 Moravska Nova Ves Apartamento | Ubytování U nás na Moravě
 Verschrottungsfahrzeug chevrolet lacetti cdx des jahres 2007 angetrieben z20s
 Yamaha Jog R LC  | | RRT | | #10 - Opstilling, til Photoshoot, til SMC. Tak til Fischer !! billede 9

···

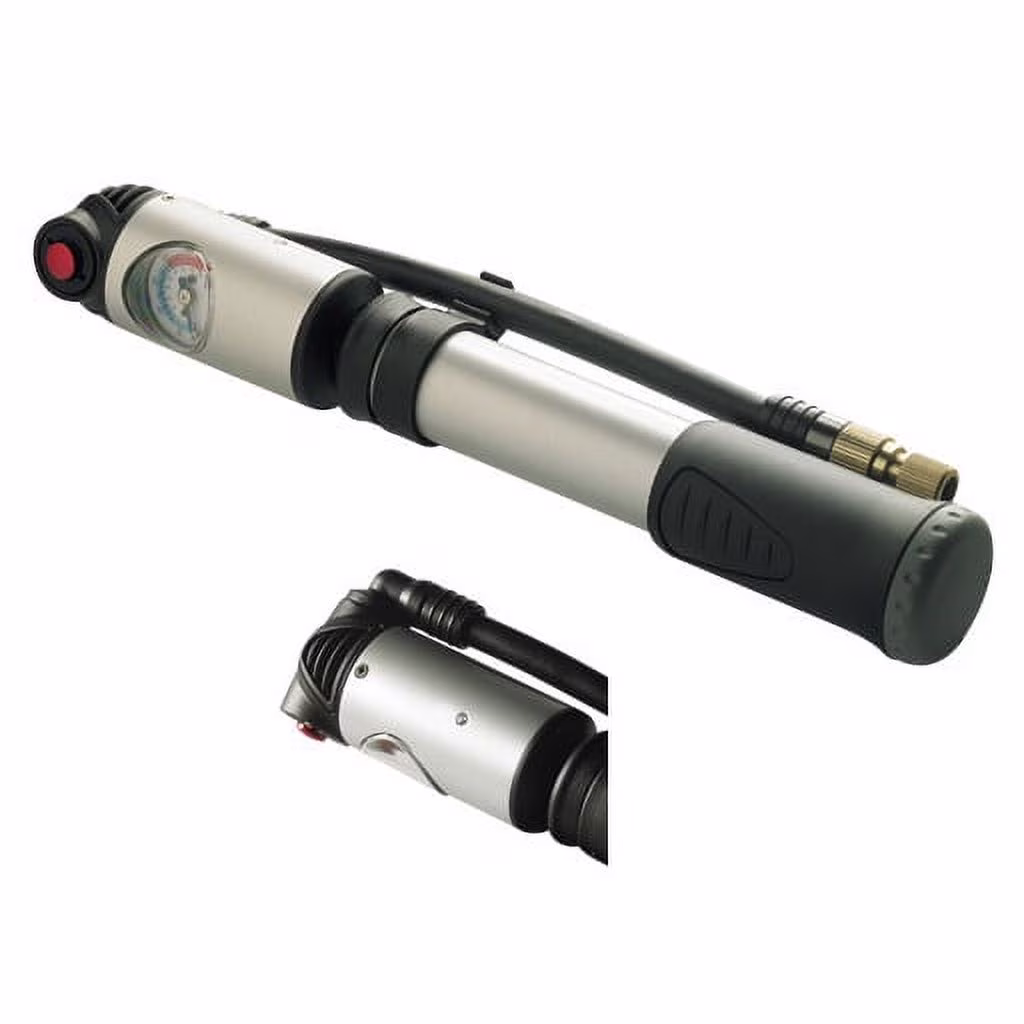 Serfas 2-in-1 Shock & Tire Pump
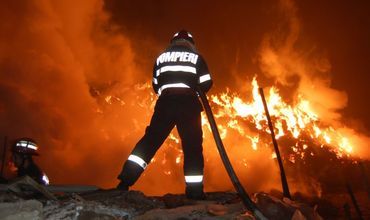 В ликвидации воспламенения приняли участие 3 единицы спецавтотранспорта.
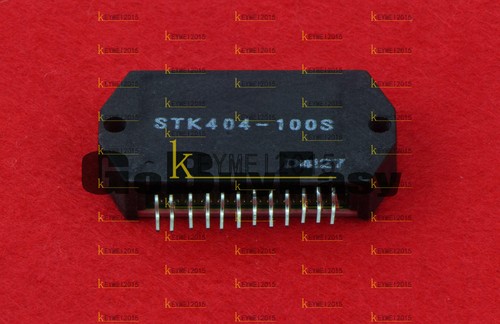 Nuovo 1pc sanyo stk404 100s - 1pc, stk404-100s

···

Activity:
Take the lines above from the one containing "Moravska Nova Ves" down to the one containing "Yamaha Jog R", and transcribe them exactly, both ends included.

Task answer:
 Moravska Nova Ves Apartamento | Ubytování U nás na Moravě
 Verschrottungsfahrzeug chevrolet lacetti cdx des jahres 2007 angetrieben z20s
 Yamaha Jog R LC  | | RRT | | #10 - Opstilling, til Photoshoot, til SMC. Tak til Fischer !! billede 9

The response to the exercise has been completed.